While there are great third-party search providers, I believe understanding how search works will give you the knowledge necessary to fine-tune your user experience. This post will guide you through the thought process of developing a search experience. After reading this post, you should feel confident in making the best choice for your search needs, even if it means trusting someone else to do so.
Goals
I am a well-traveled human being, thanks to my lovely wife Nicole, and often I get asked where folks should visit. In this post, let us focus on building a search experience around the capital cities of the world.
Given a few characters, we should be able to locate a capital city anywhere on the planet and display a map around that location. Our main goal is to show relevant city locations in our UI for the user to review. That is our goal for the users, but what about our technical goals?
We want to load data from our CSV dataset into our search engine. Once the data is loaded, we need to index the data to be searchable. Finally, we need to provide a simple UI to empower our users. Our goals as developers are pretty straight forward; let ‘s have a sneak peek at the final user experience.
Technology Stack
As you may have guessed from the title of this post, we are going to be primarily working with ASP.NET Core. All code samples from this point on will be in C# and potentially be utilizing C# 8 features. I have listed the requirements for this project below. If you want to follow along, please be sure that your local development environment has the following dependencies.
- ASP.NET Core 2.2+: Download the latest from https://dot.net
- Elasticsearch 7.3.1: Download the most recent from https://www.elastic.co/ or use your favorite package manager to install it.
- Kibana 7.3.1: Kibana makes life easier. While Elasticsearch doesn’t require a UI and you can interact with the service via a REST API, I highly recommend installing Kibana.
We’ll also need Nuget packages to accomplish our development tasks.
- NEST: NEST is the best way to interact with Elasticsearch from C#.
- CsvHelper: We will be loading our dataset from a local CSV file, and CsvHelper is the best package I’ve found for making this possible.
If you want to bypass the work of writing the demo and play with the final code, you are welcome to clone it on the public GitHub repository I have provided.

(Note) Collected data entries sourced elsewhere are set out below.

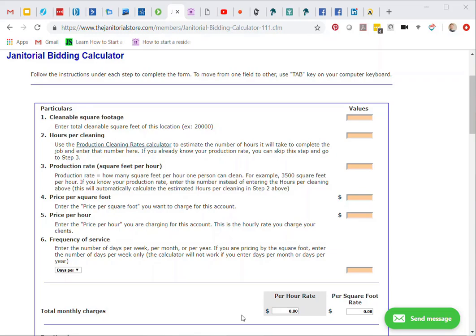This video is the janitorial bidding calculator. I'm going to show you how to use this. First of all, we want to know the cleanable square footage of the location or the account. I'm going to go ahead and enter that in here. Now this account that I'm doing is 17,000 square feet.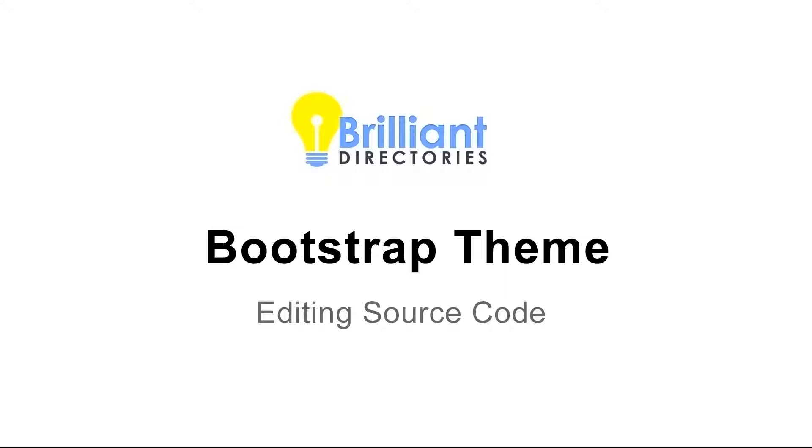Hello, this is David Rocklin of Brilliant Directories. In today's video we're going to learn how to edit some of your Brilliant Directories Bootstrap theme source code. This really couldn't be any easier with the Brilliant Directories platform.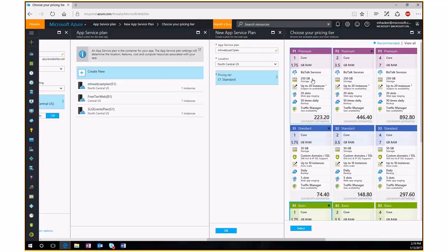At the Premium tier, you get much more storage and BizTalk Services for enterprise integration with your web apps. Instances increase from 10 to 20, deployment slots go from 5 to 20, and you get backups 50 times a day. So if you ever need to roll back a change to your website, you'll have those backups readily available.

Basic Overview Of Elasticsearch
I think of Elasticsearch as the best way to provide a full-text search experience to users and can be the most powerful tool in a modern developers repertoire. You may also hear about this technology described within the ELK (Elasticsearch, Logstash, and Kibana) stack. Elastic pitches its technology as follows:
Reliably and securely take data from any source, in any format, then search, analyze, and visualize it in real-time.–Elastic
As a developer, you’ll need to understand the essential parts of Elasticsearch to get the best search experience. Let’s break down the parts you need to think about and what you’ll be seeing in the upcoming code samples.

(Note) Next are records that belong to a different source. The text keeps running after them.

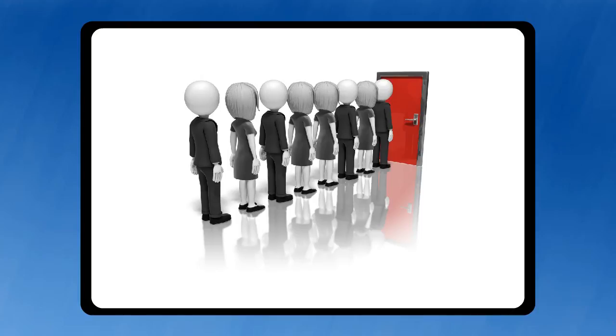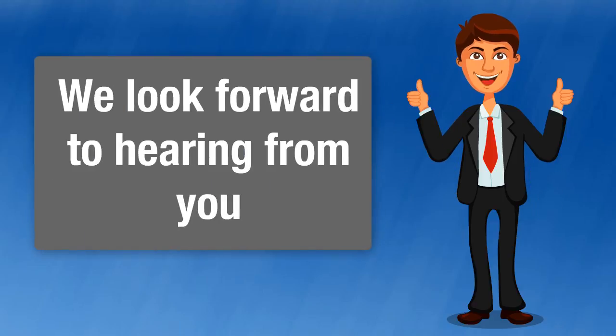To learn more about how our custom video commercials can start helping your business increase its traffic, leads, and customers, please follow the directions directly below this video. We look forward to hearing from you.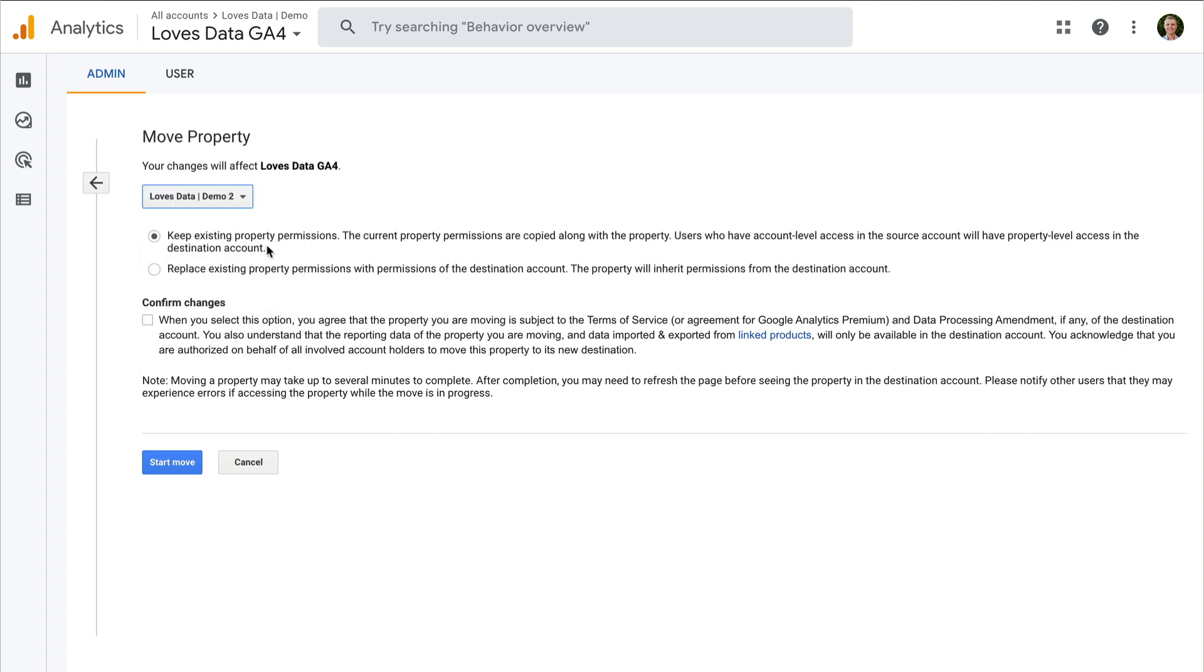Then we need to choose the permissions for the property. So this is about who currently has access to the property in Google Analytics. For example, if we leave the default, which is keep existing property permissions, anybody that has edit level permission for the property will then continue to have that level of permission in the new account. However, someone who has edit permission at the account level, once the property is moved, will only have that level of permission at the individual property level once it's moved, just to make sure that they don't automatically get complete access to the new account that it's being moved into.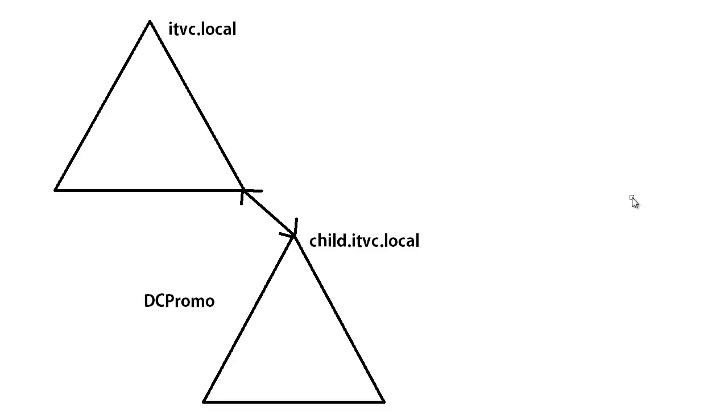In this video presentation I'm going to take just a few minutes and show everybody how to do a DC promo to build a child domain in Active Directory.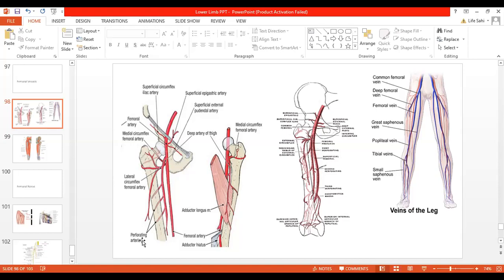Now let's talk about the femoral vein. Here in this diagram you can see the femoral vein. It is a deep vein of the lower limb, as we also have a superficial set of veins in the lower limb. The femoral vein begins as a continuation of the popliteal vein proximal to the adductor hiatus — the area where the femoral artery enters the popliteal region to become the popliteal artery. The course of the femoral vein is that it ascends through the adductor canal over the anteromedial aspect of the thigh.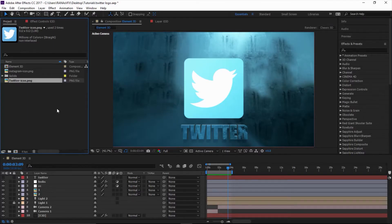Hey, what's up guys, Rwana here. In this video I'll show you how to create this Twitter logo intro inside of After Effects with the Element 3D plugin. This intro could be for your YouTube channel or any kind of brand you are in right now. So let's have a look at what we are going to create.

What Is An Elasticsearch Index
Elasticsearch contains many internal data repositories. Each repository is known as an Index
. These indexes include data that is processed and stored in a manner that makes for efficient searches. As developers, we create these indices and refer to them by name. In this post, we’ll be creating an index aptly named capitals
.
Analyzing Data In Elasticsearch
I mentioned in the previous section that data in an Elasticsearch index is “processed.” Processing data in Elasticsearch is known as analyzing. Analyzation includes looking at data and making decisions as to how to separate parts of that data into tokens.
Let’s take a look at parts of our index we will be creating. The first is a geolocation property. We want to let our index know this field contains geo-coordinates.
"location" : {
"type" : "geo_point"
}
Another interesting example in our index will be informing the index to analyze using our custom autocomplete
analyzer. Don’t worry about the details right now, as the details of our analyzer will be explained later in the post.
"names" : {
"type" : "text",
"analyzer" : "autocomplete",
"search_analyzer" : "autocomplete_search"
}
Analyzing differently during index time and search time is one of my favorite features of Elasticsearch. It allows you to reduce the amount of work necessary to tokenize search terms. You can also test any analyzer using Kibana.
GET capitals/_analyze
{
"analyzer": "autocomplete",
"text" :"united kingdom"
}
Here are the results of our custom analyzer.
ASP.NET Core Setup
As mentioned above, we’ll be using ASP.NET Core Razor Pages to provide a simple search experience. Our application will take a user’s input, send it to the server, which will then communicate with Elasticsearch. Any matches from our search will be displayed to the user.
Note, if you want to run this sample locally, please clone the repo from my GitHub account.
Loading a CSV into An Elasticsearch Index
Before we can analyze any data, we need to read data from a source. In this example, we will load our capital cities from a comma-separated values file. Below is an example.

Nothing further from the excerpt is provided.